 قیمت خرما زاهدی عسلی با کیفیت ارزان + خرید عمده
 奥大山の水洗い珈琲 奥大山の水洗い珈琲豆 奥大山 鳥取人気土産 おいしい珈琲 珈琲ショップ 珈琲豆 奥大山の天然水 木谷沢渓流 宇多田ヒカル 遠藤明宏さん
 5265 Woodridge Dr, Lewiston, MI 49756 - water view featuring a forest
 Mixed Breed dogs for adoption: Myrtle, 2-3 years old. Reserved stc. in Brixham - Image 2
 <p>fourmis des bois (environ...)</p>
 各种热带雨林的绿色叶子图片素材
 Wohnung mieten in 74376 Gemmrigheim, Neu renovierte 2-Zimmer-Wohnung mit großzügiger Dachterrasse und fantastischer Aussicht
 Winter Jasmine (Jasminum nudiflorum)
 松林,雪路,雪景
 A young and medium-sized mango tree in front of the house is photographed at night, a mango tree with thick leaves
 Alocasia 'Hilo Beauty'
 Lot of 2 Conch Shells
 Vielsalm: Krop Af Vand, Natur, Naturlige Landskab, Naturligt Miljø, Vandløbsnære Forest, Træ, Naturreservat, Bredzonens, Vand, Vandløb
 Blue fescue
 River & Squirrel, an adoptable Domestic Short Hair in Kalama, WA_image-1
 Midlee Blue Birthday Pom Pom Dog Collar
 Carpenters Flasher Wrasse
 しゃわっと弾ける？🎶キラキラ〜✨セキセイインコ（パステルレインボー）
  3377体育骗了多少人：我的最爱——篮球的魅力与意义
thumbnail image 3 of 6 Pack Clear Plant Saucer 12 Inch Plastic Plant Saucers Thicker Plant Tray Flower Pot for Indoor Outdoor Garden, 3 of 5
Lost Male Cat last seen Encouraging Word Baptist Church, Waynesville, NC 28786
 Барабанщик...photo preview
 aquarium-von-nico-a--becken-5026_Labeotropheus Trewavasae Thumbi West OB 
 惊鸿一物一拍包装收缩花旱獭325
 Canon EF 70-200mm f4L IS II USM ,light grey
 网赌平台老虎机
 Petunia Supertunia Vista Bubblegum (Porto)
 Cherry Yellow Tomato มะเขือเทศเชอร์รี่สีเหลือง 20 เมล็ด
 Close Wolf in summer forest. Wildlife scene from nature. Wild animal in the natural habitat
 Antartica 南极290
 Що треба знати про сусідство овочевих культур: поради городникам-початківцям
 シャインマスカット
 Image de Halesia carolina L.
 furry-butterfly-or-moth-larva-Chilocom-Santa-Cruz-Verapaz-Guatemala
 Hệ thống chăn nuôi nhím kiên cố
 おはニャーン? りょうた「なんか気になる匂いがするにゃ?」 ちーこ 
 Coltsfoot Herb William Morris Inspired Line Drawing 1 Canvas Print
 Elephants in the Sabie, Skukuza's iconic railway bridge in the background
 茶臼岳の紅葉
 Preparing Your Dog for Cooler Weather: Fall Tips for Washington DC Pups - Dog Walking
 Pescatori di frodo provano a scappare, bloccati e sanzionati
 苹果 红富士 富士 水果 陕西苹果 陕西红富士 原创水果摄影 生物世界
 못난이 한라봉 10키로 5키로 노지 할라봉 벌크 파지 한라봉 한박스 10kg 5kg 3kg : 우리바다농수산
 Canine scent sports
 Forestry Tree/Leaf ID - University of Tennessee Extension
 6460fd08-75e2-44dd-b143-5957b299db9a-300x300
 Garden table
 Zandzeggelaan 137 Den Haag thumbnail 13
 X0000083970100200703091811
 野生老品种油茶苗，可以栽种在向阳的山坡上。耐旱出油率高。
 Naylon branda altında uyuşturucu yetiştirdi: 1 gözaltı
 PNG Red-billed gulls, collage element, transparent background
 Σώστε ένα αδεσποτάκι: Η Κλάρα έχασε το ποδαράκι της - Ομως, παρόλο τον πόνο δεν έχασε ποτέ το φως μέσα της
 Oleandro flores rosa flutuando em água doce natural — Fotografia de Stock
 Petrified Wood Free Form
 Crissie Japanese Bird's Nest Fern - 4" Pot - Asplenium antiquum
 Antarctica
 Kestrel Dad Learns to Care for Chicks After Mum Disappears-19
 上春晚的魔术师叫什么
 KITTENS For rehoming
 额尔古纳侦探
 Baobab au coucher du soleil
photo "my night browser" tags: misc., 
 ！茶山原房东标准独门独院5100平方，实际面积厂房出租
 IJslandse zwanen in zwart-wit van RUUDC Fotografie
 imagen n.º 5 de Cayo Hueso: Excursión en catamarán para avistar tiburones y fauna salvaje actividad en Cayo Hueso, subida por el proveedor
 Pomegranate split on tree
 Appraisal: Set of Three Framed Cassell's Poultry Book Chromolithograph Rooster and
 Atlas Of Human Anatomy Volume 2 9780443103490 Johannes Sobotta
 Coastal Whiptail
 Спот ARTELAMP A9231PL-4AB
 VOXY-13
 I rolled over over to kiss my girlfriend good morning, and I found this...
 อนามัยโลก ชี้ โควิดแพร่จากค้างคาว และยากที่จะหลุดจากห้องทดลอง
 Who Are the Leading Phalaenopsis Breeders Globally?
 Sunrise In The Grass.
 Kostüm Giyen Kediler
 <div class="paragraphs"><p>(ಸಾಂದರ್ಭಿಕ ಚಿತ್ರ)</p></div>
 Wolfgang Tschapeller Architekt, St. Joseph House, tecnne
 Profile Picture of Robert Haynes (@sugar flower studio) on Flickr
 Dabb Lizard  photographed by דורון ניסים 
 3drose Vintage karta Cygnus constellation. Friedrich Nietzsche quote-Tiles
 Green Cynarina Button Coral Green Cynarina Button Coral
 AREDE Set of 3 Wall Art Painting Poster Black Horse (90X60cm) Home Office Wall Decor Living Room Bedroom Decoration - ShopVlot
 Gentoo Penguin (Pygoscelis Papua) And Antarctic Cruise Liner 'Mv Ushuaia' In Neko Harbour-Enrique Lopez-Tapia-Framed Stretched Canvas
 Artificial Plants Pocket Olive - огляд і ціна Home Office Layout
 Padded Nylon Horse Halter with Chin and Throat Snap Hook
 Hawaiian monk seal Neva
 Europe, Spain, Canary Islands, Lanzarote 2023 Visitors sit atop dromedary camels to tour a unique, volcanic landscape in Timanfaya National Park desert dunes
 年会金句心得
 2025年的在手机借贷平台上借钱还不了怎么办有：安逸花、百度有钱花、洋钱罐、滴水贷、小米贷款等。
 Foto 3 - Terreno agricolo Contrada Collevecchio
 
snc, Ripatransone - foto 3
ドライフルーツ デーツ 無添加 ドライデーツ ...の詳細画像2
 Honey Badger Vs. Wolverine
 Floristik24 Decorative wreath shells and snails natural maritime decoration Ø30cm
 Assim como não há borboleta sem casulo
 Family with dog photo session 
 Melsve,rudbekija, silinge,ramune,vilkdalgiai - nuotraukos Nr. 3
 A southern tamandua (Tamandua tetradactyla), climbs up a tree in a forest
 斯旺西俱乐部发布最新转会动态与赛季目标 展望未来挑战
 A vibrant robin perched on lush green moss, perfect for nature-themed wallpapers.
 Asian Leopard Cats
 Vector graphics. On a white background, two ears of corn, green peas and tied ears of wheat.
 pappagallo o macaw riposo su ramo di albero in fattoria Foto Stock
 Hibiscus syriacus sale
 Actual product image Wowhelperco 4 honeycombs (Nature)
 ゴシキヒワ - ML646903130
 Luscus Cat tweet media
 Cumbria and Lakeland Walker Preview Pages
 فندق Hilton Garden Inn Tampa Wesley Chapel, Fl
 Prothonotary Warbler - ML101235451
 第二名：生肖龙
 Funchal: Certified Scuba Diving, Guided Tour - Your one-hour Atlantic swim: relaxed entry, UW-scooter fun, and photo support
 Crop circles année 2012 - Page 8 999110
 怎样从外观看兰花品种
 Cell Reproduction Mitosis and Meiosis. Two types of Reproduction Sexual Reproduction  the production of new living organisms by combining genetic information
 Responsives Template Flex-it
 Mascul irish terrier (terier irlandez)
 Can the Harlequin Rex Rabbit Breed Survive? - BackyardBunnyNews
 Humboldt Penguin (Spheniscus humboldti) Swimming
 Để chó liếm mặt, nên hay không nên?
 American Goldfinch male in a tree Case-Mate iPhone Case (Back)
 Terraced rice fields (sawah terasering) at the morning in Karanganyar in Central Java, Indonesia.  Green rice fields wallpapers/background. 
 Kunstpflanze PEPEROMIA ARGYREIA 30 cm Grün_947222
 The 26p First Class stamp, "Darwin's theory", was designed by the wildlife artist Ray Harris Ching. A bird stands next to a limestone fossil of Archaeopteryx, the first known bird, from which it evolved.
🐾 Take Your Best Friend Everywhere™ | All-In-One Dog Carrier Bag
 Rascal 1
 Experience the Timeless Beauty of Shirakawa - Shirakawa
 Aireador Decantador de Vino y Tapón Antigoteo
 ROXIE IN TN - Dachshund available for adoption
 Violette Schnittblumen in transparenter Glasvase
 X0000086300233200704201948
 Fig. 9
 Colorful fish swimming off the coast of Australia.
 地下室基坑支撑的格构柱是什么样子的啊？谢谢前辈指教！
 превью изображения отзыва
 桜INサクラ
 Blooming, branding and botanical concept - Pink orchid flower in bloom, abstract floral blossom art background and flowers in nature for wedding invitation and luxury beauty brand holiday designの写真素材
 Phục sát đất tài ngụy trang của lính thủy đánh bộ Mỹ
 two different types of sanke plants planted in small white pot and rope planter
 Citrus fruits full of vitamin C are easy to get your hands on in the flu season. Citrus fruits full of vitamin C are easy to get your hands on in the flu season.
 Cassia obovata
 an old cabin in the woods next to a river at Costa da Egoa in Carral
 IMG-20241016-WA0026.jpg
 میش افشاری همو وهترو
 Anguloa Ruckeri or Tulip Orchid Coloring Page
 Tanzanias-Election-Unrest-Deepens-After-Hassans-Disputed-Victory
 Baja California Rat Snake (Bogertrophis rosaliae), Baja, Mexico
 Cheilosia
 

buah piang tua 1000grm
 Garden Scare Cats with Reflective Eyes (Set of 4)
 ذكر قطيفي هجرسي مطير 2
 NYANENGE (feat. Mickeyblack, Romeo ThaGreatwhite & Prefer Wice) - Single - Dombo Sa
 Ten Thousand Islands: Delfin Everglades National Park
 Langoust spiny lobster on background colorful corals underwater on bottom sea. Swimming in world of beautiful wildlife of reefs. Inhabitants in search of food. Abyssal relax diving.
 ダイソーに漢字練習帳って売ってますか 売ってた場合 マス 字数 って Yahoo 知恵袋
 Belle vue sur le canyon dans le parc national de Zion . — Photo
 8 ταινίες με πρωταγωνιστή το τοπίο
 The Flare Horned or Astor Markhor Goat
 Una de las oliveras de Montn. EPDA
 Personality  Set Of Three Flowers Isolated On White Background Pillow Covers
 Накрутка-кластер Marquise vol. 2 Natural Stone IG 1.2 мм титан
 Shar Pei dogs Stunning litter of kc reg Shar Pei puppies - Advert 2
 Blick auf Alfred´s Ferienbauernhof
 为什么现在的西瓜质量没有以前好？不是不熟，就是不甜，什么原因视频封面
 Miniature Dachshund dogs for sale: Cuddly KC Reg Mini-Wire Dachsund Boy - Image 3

══════

TASK PROMPT
Only an exact copy of the listing above, from its first line up to and including the line with "Coltsfoot Herb William", counts as the answer.

EXPECTED ANSWER
 قیمت خرما زاهدی عسلی با کیفیت ارزان + خرید عمده
 奥大山の水洗い珈琲 奥大山の水洗い珈琲豆 奥大山 鳥取人気土産 おいしい珈琲 珈琲ショップ 珈琲豆 奥大山の天然水 木谷沢渓流 宇多田ヒカル 遠藤明宏さん
 5265 Woodridge Dr, Lewiston, MI 49756 - water view featuring a forest
 Mixed Breed dogs for adoption: Myrtle, 2-3 years old. Reserved stc. in Brixham - Image 2
 <p>fourmis des bois (environ...)</p>
 各种热带雨林的绿色叶子图片素材
 Wohnung mieten in 74376 Gemmrigheim, Neu renovierte 2-Zimmer-Wohnung mit großzügiger Dachterrasse und fantastischer Aussicht
 Winter Jasmine (Jasminum nudiflorum)
 松林,雪路,雪景
 A young and medium-sized mango tree in front of the house is photographed at night, a mango tree with thick leaves
 Alocasia 'Hilo Beauty'
 Lot of 2 Conch Shells
 Vielsalm: Krop Af Vand, Natur, Naturlige Landskab, Naturligt Miljø, Vandløbsnære Forest, Træ, Naturreservat, Bredzonens, Vand, Vandløb
 Blue fescue
 River & Squirrel, an adoptable Domestic Short Hair in Kalama, WA_image-1
 Midlee Blue Birthday Pom Pom Dog Collar
 Carpenters Flasher Wrasse
 しゃわっと弾ける？🎶キラキラ〜✨セキセイインコ（パステルレインボー）
  3377体育骗了多少人：我的最爱——篮球的魅力与意义
thumbnail image 3 of 6 Pack Clear Plant Saucer 12 Inch Plastic Plant Saucers Thicker Plant Tray Flower Pot for Indoor Outdoor Garden, 3 of 5
Lost Male Cat last seen Encouraging Word Baptist Church, Waynesville, NC 28786
 Барабанщик...photo preview
 aquarium-von-nico-a--becken-5026_Labeotropheus Trewavasae Thumbi West OB 
 惊鸿一物一拍包装收缩花旱獭325
 Canon EF 70-200mm f4L IS II USM ,light grey
 网赌平台老虎机
 Petunia Supertunia Vista Bubblegum (Porto)
 Cherry Yellow Tomato มะเขือเทศเชอร์รี่สีเหลือง 20 เมล็ด
 Close Wolf in summer forest. Wildlife scene from nature. Wild animal in the natural habitat
 Antartica 南极290
 Що треба знати про сусідство овочевих культур: поради городникам-початківцям
 シャインマスカット
 Image de Halesia carolina L.
 furry-butterfly-or-moth-larva-Chilocom-Santa-Cruz-Verapaz-Guatemala
 Hệ thống chăn nuôi nhím kiên cố
 おはニャーン? りょうた「なんか気になる匂いがするにゃ?」 ちーこ 
 Coltsfoot Herb William Morris Inspired Line Drawing 1 Canvas Print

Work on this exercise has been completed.